Theirs was a dynamic forged by a decade of friendship. Even when Mackk was hustling out-of-state, he called and texted regularly, “just to talk shit.” To Rucci, it doesn’t feel like his partner is dead, it feels like he’s crisscrossing the country, between towns, between meals, and between phone calls. Even from the afterlife, Mackk remains a source of inspiration and guidance.

“He gives me motivation on an everyday basis. I could listen to Sean and just be like ‘I can make so much happen today. And just this fast,” Rucci says, snapping his fingers. “Without him I for sure wouldn’t be the person I am today.”

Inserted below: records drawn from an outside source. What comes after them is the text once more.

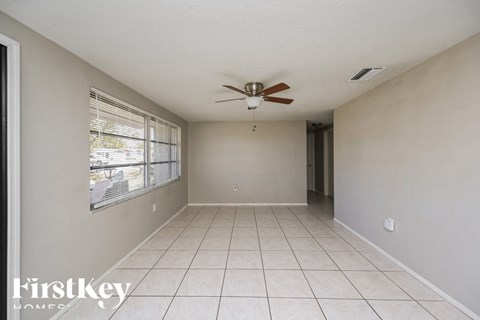 A spacious room with a ceiling fan and tiled floor.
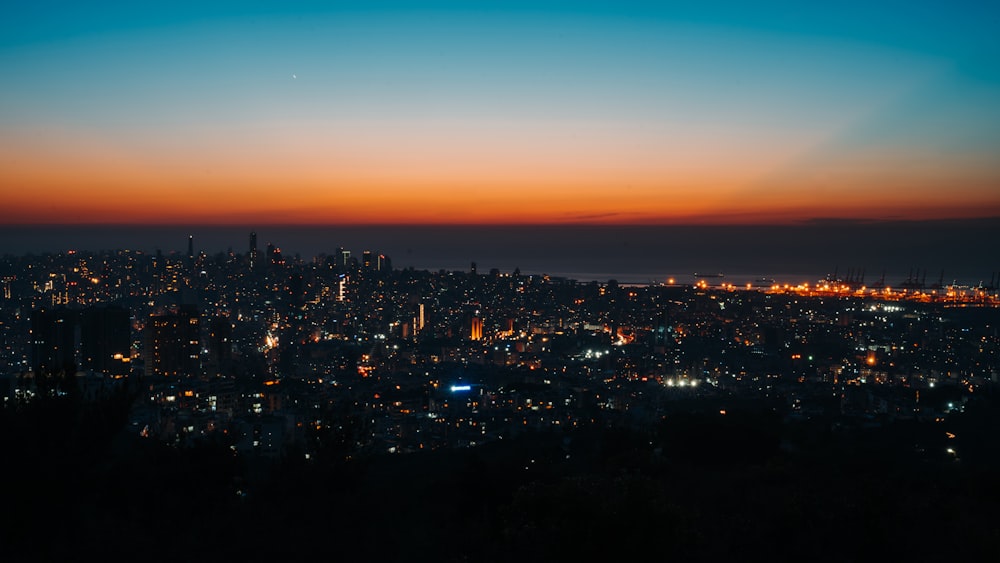 city skyline during night time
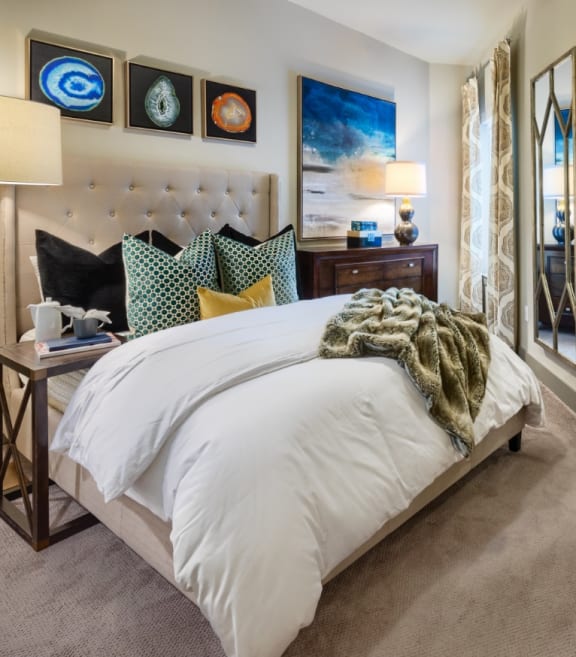 a bedroom with a large bed with white bedding and colorful pillows
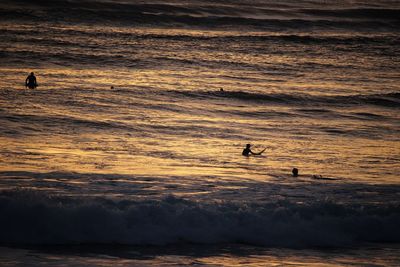Scenic view of sea at sunset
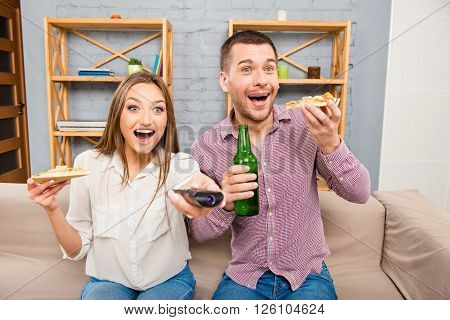 Surprised Happy Family Watching Film And Eating Pizza With Beer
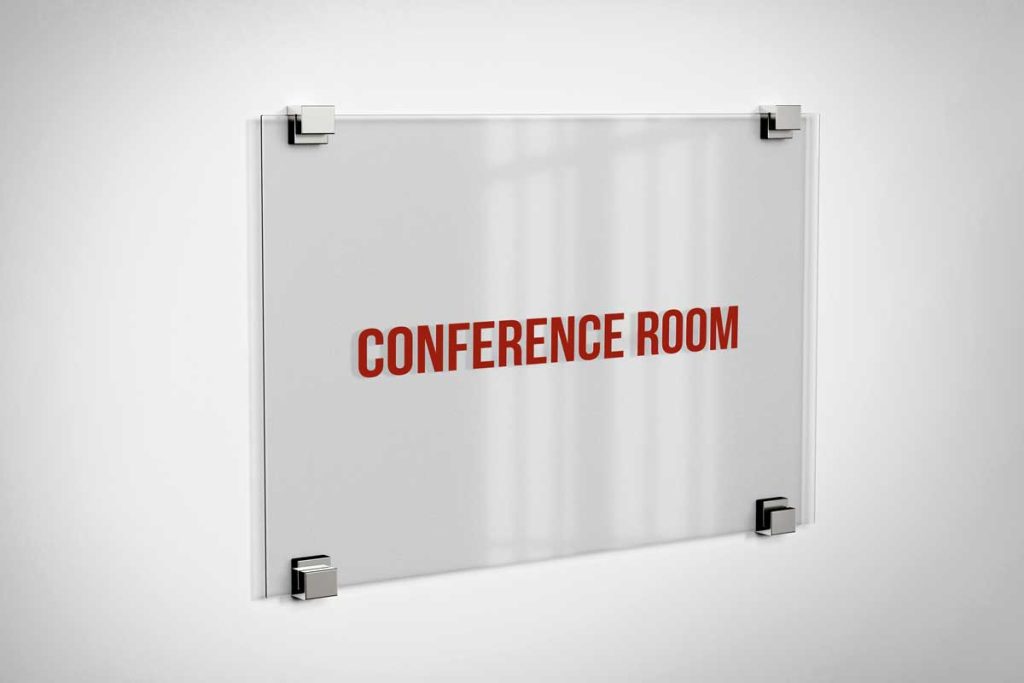 Acrylic panel sign displaying the words 'CONFERENCE ROOM' in red text.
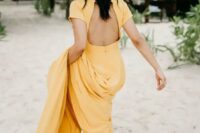14 a yellow A-line wedding dress with a cutout back, short sleeves and a train for a tropical bride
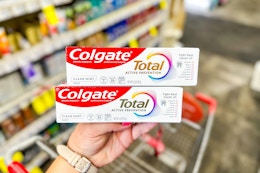 hand holding two tubes of colgate total toothpaste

Though Dawgystyle was his first project since Sean Mackk’s passing, Rucci, who freestyled every song in his pitched up, slightly raspy voice, sounds like he’s having fun. And, from our conversation, it seems like he is––and that’s what Mackk would’ve wanted. Mackk didn’t live long enough to see his music fully germinate, so it’s Rucci who’s responsible for ensuring their places in Los Angeles’ emerging rap order. It’s a burden he’s prepared to bear.

“Even with Sean passing, nothing will ever stop me from doing music. I don’t care what you say about me. People talk bad every day. When I lost Sean it was like a slap in the face. It was like ‘Get it together, dude.’ Ain’t no excuses. I barely sleep anymore. Since July 7th, I rarely sleep. Rarely.”